WHAT YOU HAVE TO DO =
Exactly the lines from the beginning of the listing below through the line that contains "Los Aventureros Hostel" should be transcribed, and pictures must stay out.
-- DATA TO USE follows --
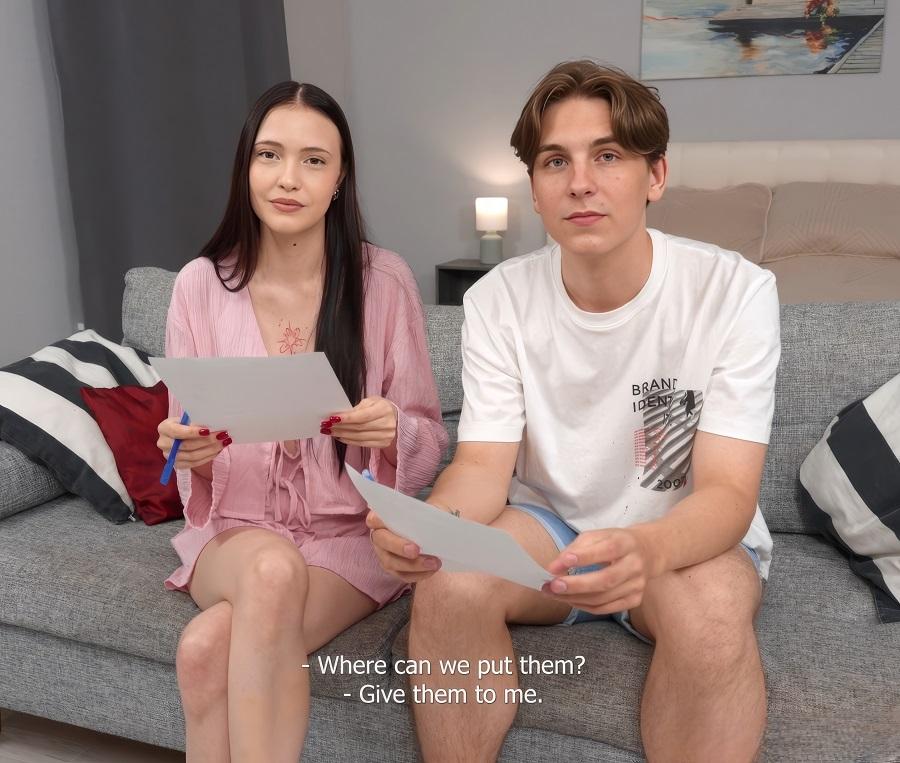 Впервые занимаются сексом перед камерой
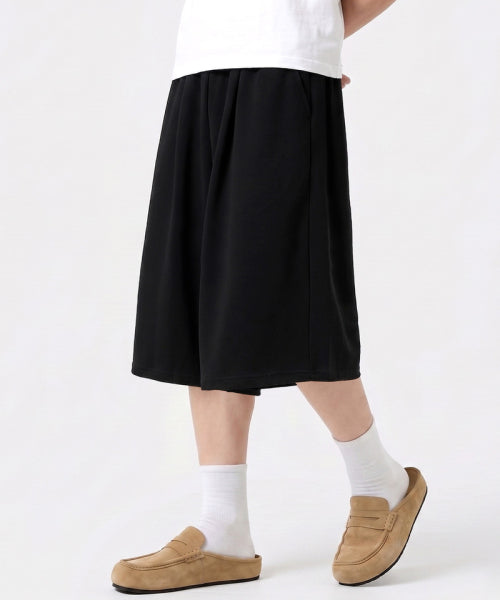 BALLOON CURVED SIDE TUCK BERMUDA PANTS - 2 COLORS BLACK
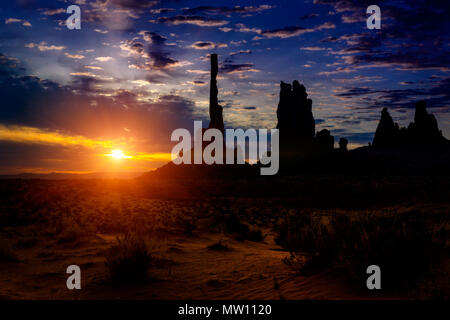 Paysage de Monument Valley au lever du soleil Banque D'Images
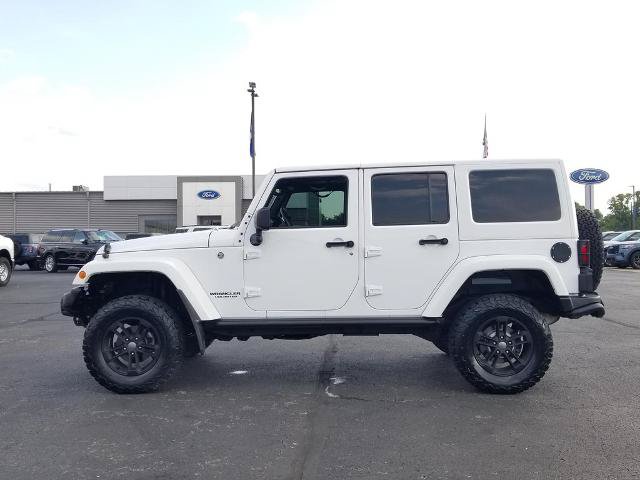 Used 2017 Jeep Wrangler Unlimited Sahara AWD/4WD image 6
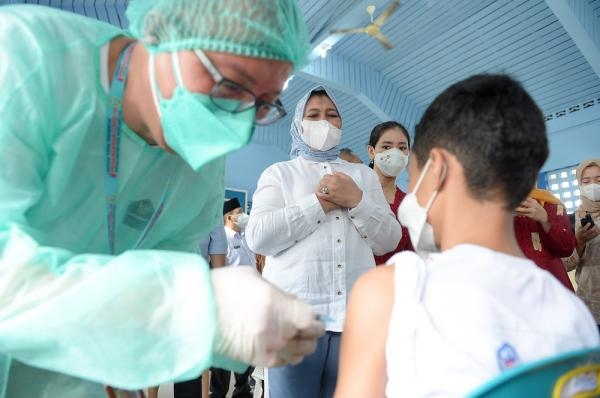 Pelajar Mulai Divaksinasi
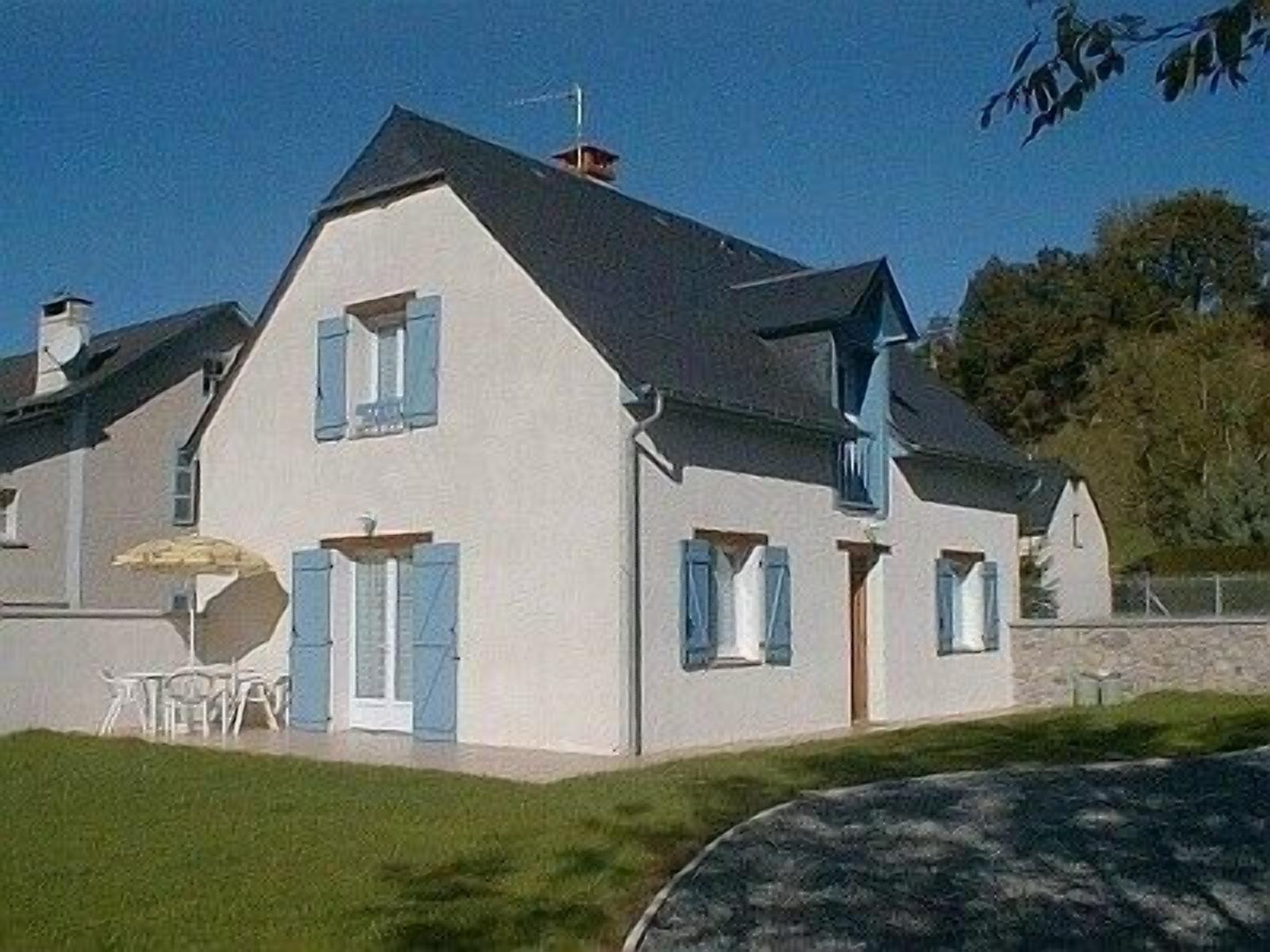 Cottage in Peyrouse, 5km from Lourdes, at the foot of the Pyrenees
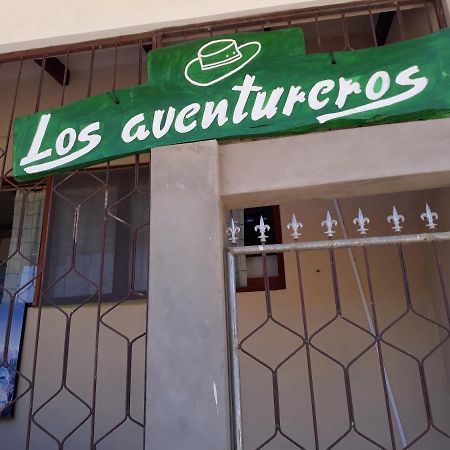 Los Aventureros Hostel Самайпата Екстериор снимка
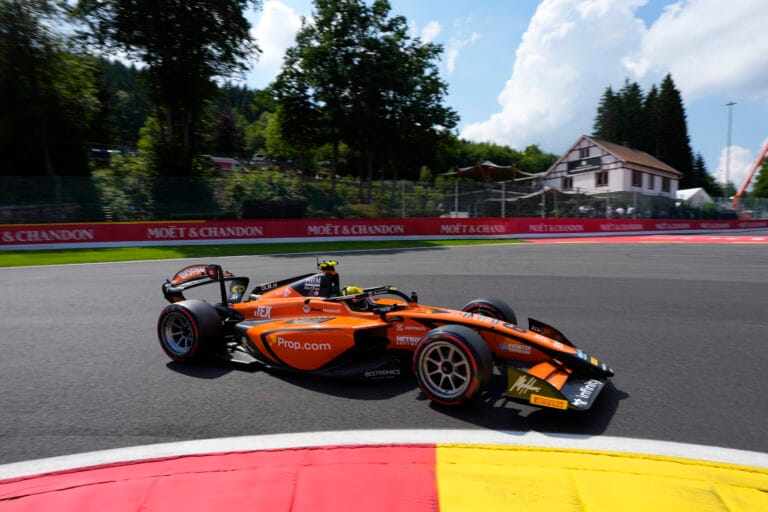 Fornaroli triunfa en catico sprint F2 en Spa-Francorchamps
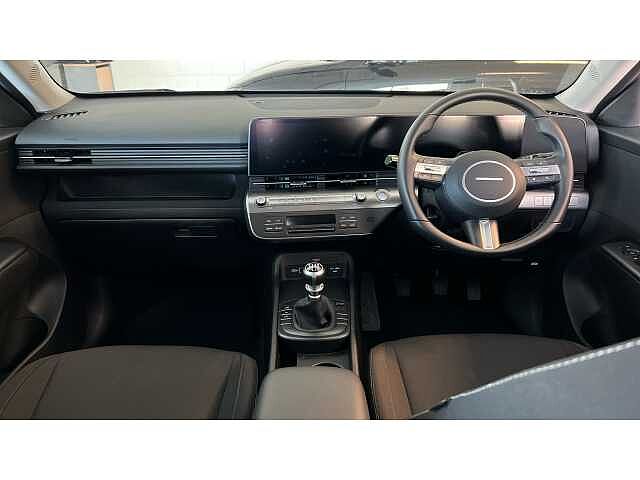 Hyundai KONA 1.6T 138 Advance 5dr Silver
-- DATA TO USE concluded --
COMPLETED EXERCISE =
 Впервые занимаются сексом перед камерой
 BALLOON CURVED SIDE TUCK BERMUDA PANTS - 2 COLORS BLACK
 Paysage de Monument Valley au lever du soleil Banque D'Images
 Used 2017 Jeep Wrangler Unlimited Sahara AWD/4WD image 6
 Pelajar Mulai Divaksinasi
 Cottage in Peyrouse, 5km from Lourdes, at the foot of the Pyrenees
 Los Aventureros Hostel Самайпата Екстериор снимка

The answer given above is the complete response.